ENTRIES PROVIDED:
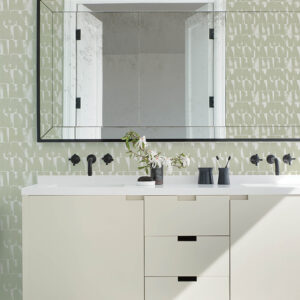 Bancroft Sage Artistic Stripe Wallpaper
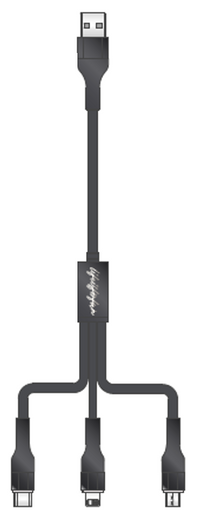 Câble USB 3 en 1 noir Life is for Fun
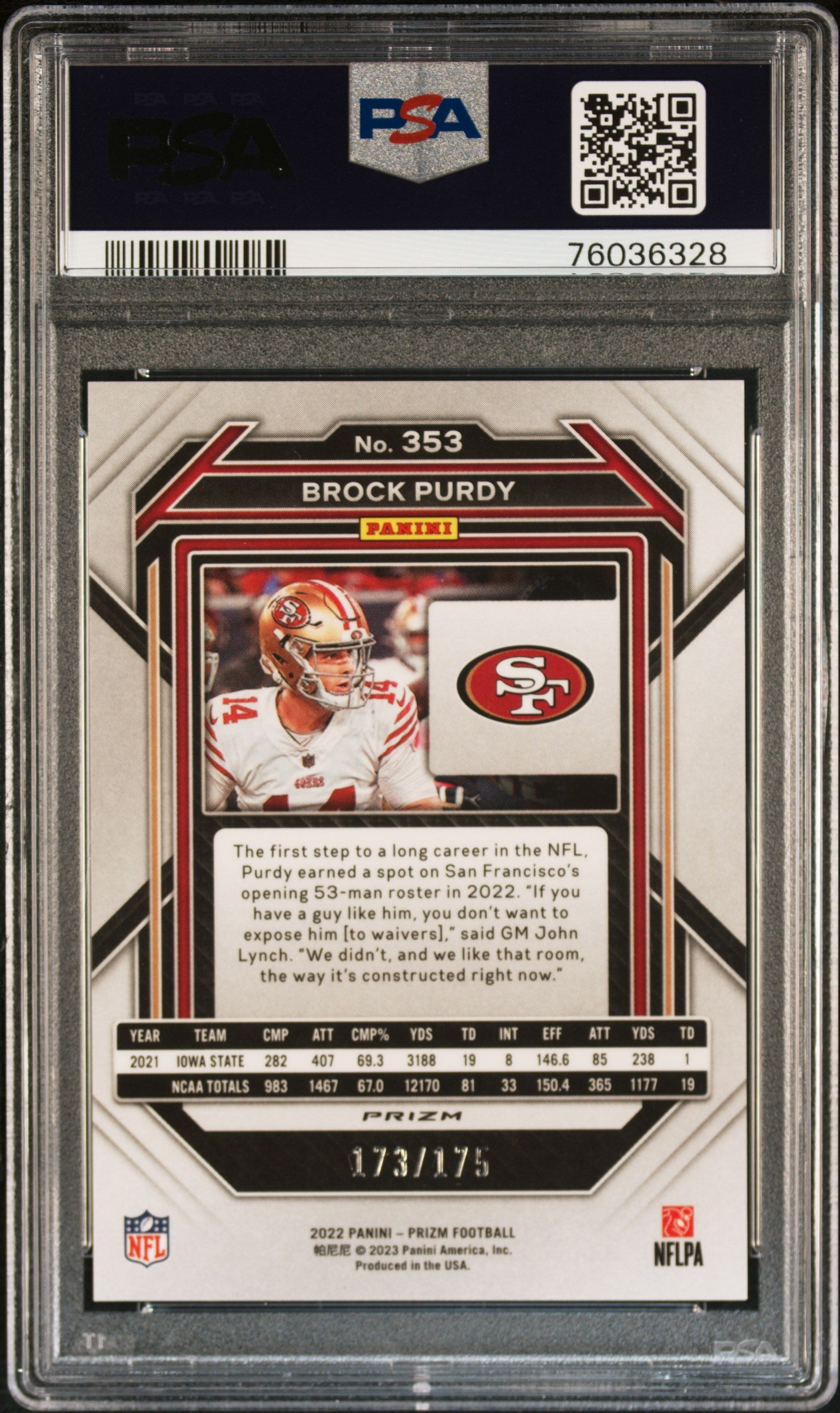 Brock Purdy 2022 Prizm #353 Hyper Prizm #173/175 PSA 10 Gem Mint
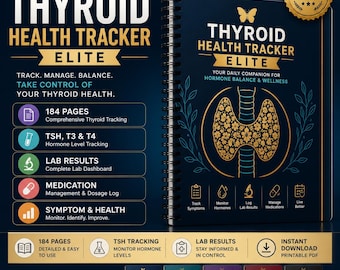 Thyroid Health Tracker Elite | Hashimoto, Hypothyroidism, TSH, T3, T4 Log (PDF Download)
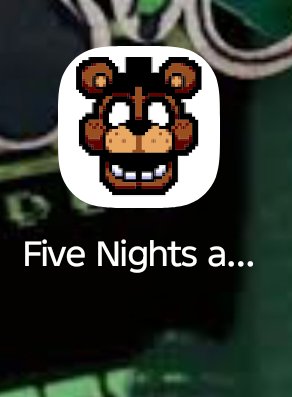 Pixel art Freddy Fazbear app icon for Five Nights at Freddy's, displayed on a blurred smartphone ...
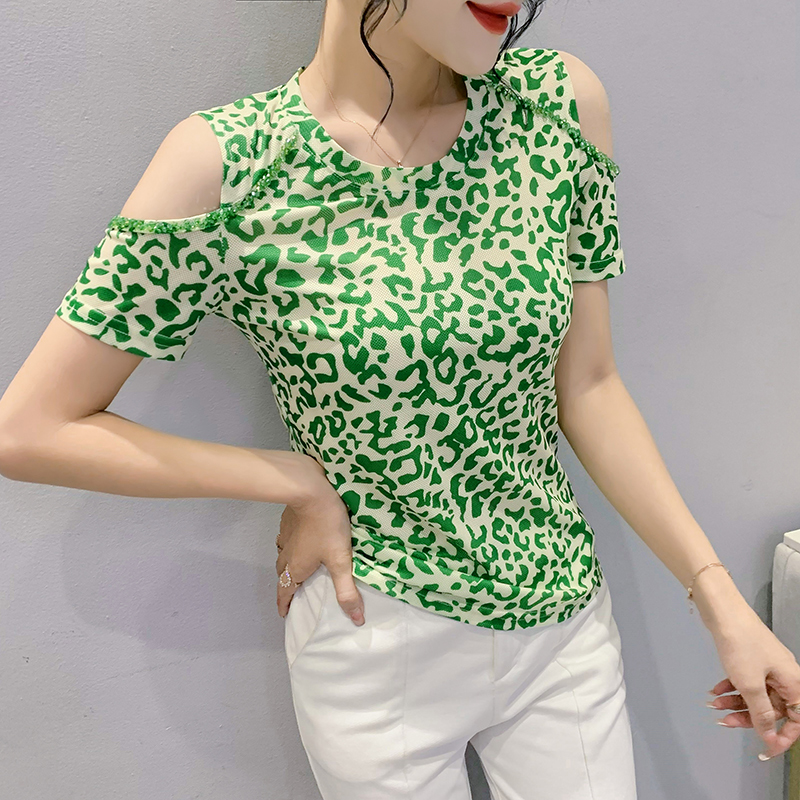 欧货时尚豹纹网纱短袖女夏季设计感重工钉珠上衣性感露肩t恤小衫
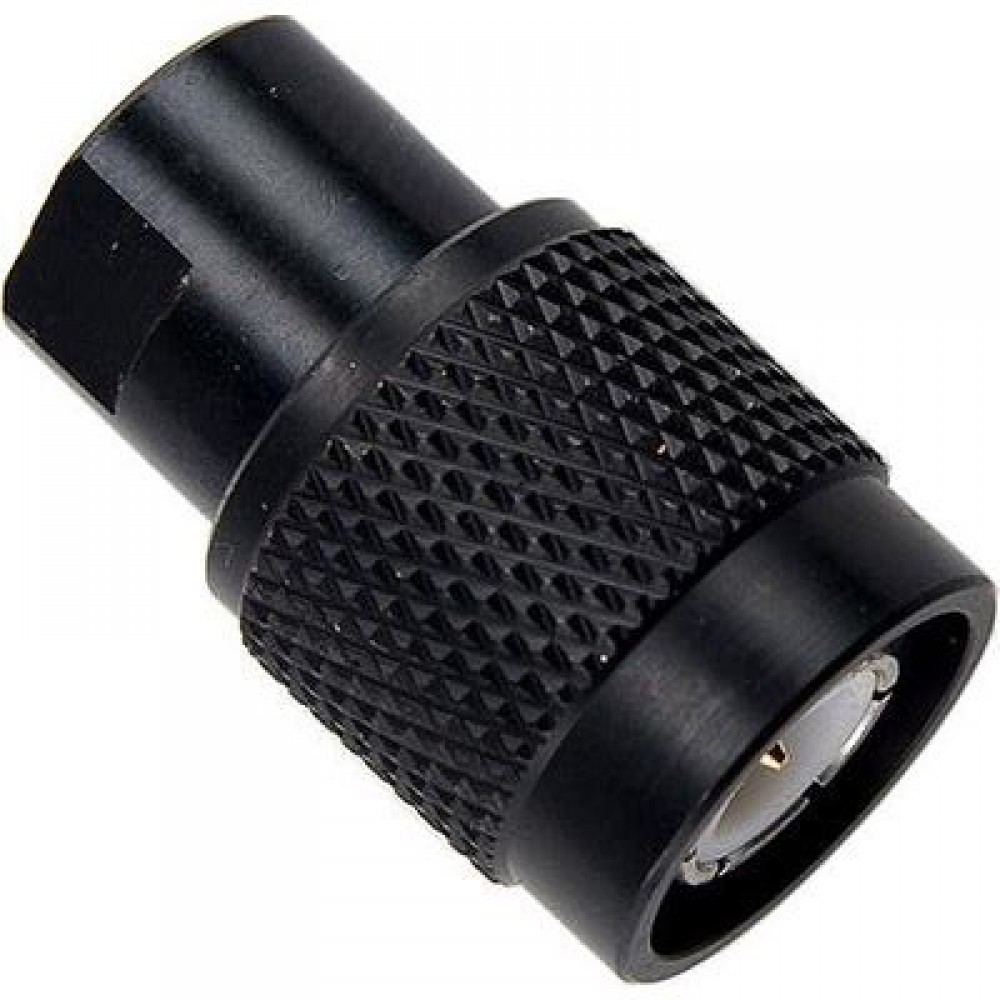 Adaptateur coaxial noir avec prise texturée.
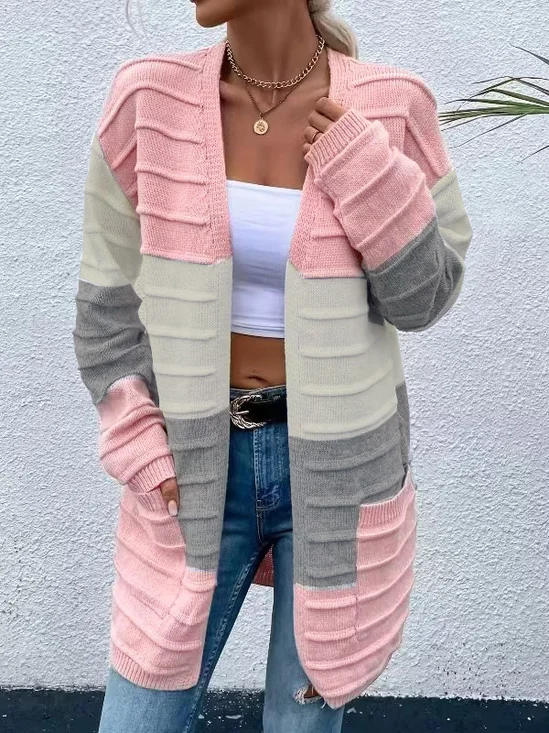 Casual Color Block Wool/Knitting Cardigan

EXERCISE DESCRIPTION: When you retype the records, keep every word exactly as written and exclude the pictures.

ANSWER BELOW:
 Bancroft Sage Artistic Stripe Wallpaper
 Câble USB 3 en 1 noir Life is for Fun
 Brock Purdy 2022 Prizm #353 Hyper Prizm #173/175 PSA 10 Gem Mint
 Thyroid Health Tracker Elite | Hashimoto, Hypothyroidism, TSH, T3, T4 Log (PDF Download)
 Pixel art Freddy Fazbear app icon for Five Nights at Freddy's, displayed on a blurred smartphone ...
 欧货时尚豹纹网纱短袖女夏季设计感重工钉珠上衣性感露肩t恤小衫
 Adaptateur coaxial noir avec prise texturée.
 Casual Color Block Wool/Knitting Cardigan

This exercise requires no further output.